The MSCI All Country World Index, which tracks shares in 47 countries, was up 0.3 percent and was set for its best week since March 9. The dollar was flat against a basket of currencies.
Oil prices eased from multi-year highs hit this week on hopes that alternative supplies could replace a looming drop in Iranian exports due to sanctions that Washington plans to re-introduce after abandoning a global deal on limiting Iran’s nuclear ambitions.
Thursday’s soft U.S. inflation numbers followed employment data last week that pointed to sluggish wage growth.
While the rally in stocks seemed to point to investor relief, analysts were split over whether the slowdown in inflation could lower the chances of the Fed increasing the number of rate hikes it has suggested will take place this year. Federal Reserve Bank of St. Louis’ James Bullard will make a speech yesterday, as will European Central Bank President Mario Draghi.
Konstantinos Anthis, head of Research at ADS Securities, said the case for two or three further U.S. rate hikes could be decided after the summer. Fed funds futures show a 93 percent chance of one next month.
“The data from the U.S. for the past few months has been supportive so if this trend is to continue there’s plenty of time for the Fed to witness stronger performance again and grow more aggressive,” Anthis said.

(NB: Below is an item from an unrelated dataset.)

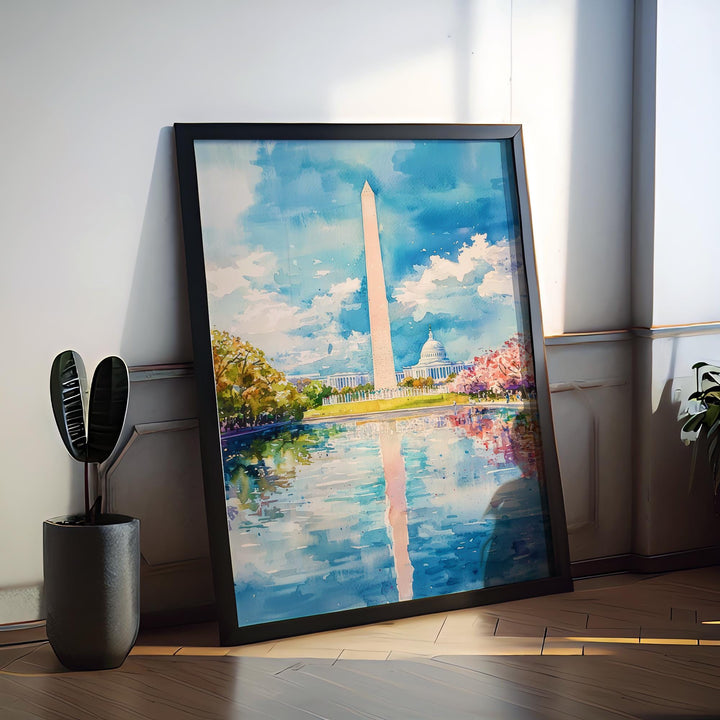 Washington DC watercolor poster Wall Art Washington Wall Hanging Home Décor Washington Gift Art Lovers USA Art Lover Gift USA wall art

Softer inflation numbers also flattened the U.S. Treasury yield curve further, with the gap between 5- and 30-year bonds at its narrowest since 2007. Investors also bought up southern European government bonds, taking advantage of a rise in yields on the back of Italian political concerns.

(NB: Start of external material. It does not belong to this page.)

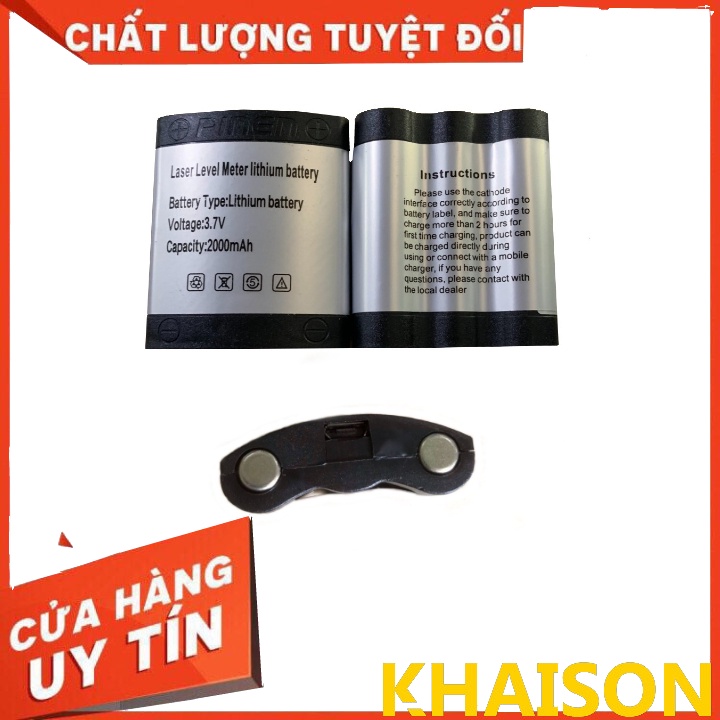 Pin sạc máy bắn cốt, máy cân bằng laser 5 tia 3.7 - 4.2v pin gài pin bé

Italian, Spanish and Portuguese 10-year borrowing costs fell 2-3 basis points, outpacing better-rated peers at the end of a week in which the increasing likelihood of an anti-establishment coalition taking power in Italy had hurt the euro zone’s lower-rated debt.

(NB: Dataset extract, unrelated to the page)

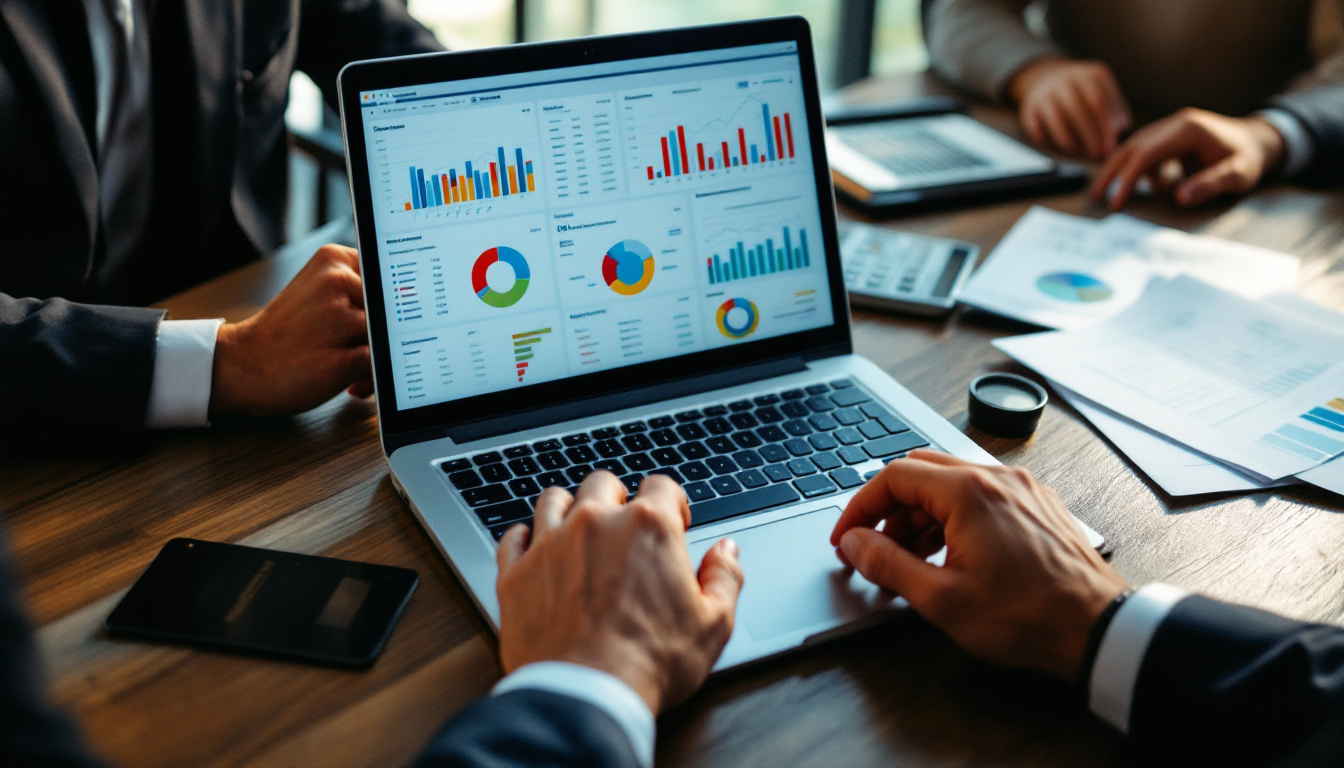Empresário analisando fluxo de caixa com gráficos financeiros em 2026 1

Italian 10-year yields were set for their biggest weekly rise since February.
European stocks, meanwhile, were set to seal their longest winning streak in over three years as fresh deal-making stole the spotlight from the tail-end of a busy earnings season.
The pan-European STOXX 600 was flat, but set for its seventh straight week of gains - its longest winning streak since March 2015. Germany’s DAX was down 0.1 percent and Britain’s FTSE 100 was flat.
Asian markets were cheered by a further easing in tensions on the Korean Peninsula, after U.S. President Donald Trump said he would meet North Korean leader Kim Jong Un in Singapore on June 12 for talks on Pyongyang’s nuclear weapons program.
MSCI’s broadest index of Asia-Pacific shares outside Japan rose 0.7 percent to near three-week highs with broad-based gains across all sectors. Japan’s Nikkei climbed 1.2 percent.
While North Korea has come off the boil for now, political concerns are focused elsewhere as the United States and China continue skirmishing over trade and tensions rise in the Middle East.
“Trump still needs President Xi (Jinping) and China’s support in dealing with North Korea and this will be his priority in the short term,” economists at JPMorgan wrote in a note to clients.
“Once the meeting is finished, trade may return to the fore.”
U.S. and Chinese officials will meet in Washington for a second round of trade talks next week, after apparently making little progress in discussions in Beijing earlier this month.
In currency markets, the pound traded at US$1.3528, inching above a four-month low of US$1.3457 touched on Thursday after the Bank of England held interest rates.
In commodities markets, spot gold rose 0.1 percent to US$1,322.61 an ounce.
U.S. crude futures CLc1 were down 0.1 percent at US$71.3 a barrel. Brent crude futures fell 0.3 percent to US$77.26 a barrel.